Few weeks back the car went through a regular road legality inspection. It’s a procedure every vehicle older than four years has to pass. It repeats every two years. I guess every country has something similar. In Czech, it’s known as the “STK”.

During the process, the car has to – as step one – pass emission/pollution test to see, whether the exhaust and catalytic converters are OK. Once passed, then the car proceeds to the second step – to the main station, where series of throughout tests follows. Brakes, suspension, all lights, horn, all important parts and overall status of the car. For instance – anything non-standard or without a road legal certificate or homologation paper will prevent the car from passing. Typically different wheels than listed in the car specs ID, exhaust without TÜV/ECE homologation, non-OEM suspension parts, auxiliary lights, LED bars etc. This all takes around 2 hours.

If the car is OK or has some small, non-dangering flaws, it’s road legal for another two years. If not, you can either fix those serious or dangerous issues found and listed in the protocol, or ditch the car. Depends on the severity of the fault and your possibilities.

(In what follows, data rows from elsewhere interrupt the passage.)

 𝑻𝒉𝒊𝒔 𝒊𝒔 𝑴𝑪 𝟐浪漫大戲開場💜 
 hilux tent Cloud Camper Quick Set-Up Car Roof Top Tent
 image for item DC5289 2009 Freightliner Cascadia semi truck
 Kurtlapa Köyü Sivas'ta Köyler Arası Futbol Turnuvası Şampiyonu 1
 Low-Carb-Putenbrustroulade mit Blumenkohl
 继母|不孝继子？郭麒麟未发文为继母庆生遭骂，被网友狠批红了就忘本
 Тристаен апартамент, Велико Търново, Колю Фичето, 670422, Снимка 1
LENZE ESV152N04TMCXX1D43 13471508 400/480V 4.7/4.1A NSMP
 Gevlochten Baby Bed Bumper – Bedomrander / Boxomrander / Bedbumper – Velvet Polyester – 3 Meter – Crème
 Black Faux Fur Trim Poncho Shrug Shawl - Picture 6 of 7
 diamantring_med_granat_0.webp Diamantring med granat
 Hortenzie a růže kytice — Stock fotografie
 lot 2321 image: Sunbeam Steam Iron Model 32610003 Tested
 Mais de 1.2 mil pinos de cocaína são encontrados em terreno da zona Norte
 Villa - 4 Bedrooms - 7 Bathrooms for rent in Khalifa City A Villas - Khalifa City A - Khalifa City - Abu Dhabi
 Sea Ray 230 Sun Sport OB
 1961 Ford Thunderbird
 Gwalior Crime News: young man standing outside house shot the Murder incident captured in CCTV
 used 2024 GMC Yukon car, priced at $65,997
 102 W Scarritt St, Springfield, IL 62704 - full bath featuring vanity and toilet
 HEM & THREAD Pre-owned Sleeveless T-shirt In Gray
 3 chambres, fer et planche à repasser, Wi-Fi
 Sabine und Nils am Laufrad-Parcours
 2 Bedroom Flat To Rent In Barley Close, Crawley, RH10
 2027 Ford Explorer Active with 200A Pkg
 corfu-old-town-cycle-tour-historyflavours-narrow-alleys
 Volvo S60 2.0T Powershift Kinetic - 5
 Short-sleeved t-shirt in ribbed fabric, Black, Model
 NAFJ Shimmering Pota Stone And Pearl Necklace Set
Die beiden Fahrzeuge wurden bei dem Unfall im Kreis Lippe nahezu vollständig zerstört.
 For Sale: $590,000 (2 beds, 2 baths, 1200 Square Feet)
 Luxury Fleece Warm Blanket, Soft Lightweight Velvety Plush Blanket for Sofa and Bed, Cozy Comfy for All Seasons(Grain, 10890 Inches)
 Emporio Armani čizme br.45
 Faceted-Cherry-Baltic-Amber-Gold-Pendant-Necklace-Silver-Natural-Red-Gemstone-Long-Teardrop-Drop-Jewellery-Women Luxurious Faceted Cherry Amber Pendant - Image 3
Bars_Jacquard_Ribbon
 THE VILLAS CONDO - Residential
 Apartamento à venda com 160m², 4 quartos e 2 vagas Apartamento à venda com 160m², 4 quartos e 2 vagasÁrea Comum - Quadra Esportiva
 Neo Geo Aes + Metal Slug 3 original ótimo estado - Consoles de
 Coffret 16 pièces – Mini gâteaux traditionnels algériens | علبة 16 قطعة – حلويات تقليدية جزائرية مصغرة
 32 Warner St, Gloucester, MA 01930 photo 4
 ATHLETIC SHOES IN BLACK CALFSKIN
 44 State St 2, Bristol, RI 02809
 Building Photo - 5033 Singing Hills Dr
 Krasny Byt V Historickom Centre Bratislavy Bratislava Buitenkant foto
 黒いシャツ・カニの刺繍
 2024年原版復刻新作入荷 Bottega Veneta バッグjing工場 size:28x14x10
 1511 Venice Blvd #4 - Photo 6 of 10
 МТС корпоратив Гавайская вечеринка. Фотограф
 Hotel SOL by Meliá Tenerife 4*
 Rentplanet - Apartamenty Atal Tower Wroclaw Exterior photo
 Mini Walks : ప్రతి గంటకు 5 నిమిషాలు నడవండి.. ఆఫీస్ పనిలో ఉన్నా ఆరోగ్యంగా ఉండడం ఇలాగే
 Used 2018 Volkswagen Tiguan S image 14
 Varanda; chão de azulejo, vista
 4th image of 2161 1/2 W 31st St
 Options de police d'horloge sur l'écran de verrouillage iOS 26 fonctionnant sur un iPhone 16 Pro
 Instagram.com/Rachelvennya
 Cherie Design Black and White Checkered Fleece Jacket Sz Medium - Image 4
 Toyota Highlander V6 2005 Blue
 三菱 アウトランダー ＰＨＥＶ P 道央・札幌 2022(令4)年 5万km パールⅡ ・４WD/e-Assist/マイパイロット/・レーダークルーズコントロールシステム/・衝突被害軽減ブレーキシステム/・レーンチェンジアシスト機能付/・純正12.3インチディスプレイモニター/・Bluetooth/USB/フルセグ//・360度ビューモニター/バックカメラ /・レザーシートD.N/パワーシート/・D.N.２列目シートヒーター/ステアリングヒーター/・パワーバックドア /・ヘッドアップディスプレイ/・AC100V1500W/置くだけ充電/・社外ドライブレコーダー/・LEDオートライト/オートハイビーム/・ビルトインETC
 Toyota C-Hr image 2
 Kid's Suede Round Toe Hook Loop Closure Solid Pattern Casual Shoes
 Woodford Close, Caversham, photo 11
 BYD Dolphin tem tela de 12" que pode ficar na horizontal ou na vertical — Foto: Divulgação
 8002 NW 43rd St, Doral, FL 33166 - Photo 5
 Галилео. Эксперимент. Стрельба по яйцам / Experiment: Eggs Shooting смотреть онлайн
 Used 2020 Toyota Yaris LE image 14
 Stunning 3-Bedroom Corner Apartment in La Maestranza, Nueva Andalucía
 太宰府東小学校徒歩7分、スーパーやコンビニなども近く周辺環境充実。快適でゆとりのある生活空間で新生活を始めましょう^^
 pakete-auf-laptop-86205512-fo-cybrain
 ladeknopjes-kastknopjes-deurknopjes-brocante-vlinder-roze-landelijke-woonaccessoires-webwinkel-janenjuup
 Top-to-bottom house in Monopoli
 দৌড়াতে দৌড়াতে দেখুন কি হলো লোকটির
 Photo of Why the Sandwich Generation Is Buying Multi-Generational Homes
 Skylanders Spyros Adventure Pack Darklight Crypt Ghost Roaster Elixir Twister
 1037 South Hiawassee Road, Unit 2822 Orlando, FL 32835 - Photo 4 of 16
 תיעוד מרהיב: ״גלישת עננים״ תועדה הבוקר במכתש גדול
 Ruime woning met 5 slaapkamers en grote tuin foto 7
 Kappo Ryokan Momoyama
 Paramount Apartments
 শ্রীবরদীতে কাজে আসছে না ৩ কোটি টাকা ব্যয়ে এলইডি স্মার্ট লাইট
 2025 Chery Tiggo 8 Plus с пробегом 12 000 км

Feels great to say the M5 passed the checks with no issues at all. Solid as a rock. The only error listed in the “minor fault” section is an administrative hiccup made by some clerk 15 years ago. Because the weight and production data label in the car shows something, whereas the car ID shows something else. It’s only a difference in one number, however they had to take note of that. And there is no way of fixing, unless I’d go through administrative hell, getting basically all papers re-done. Not going to do that, really.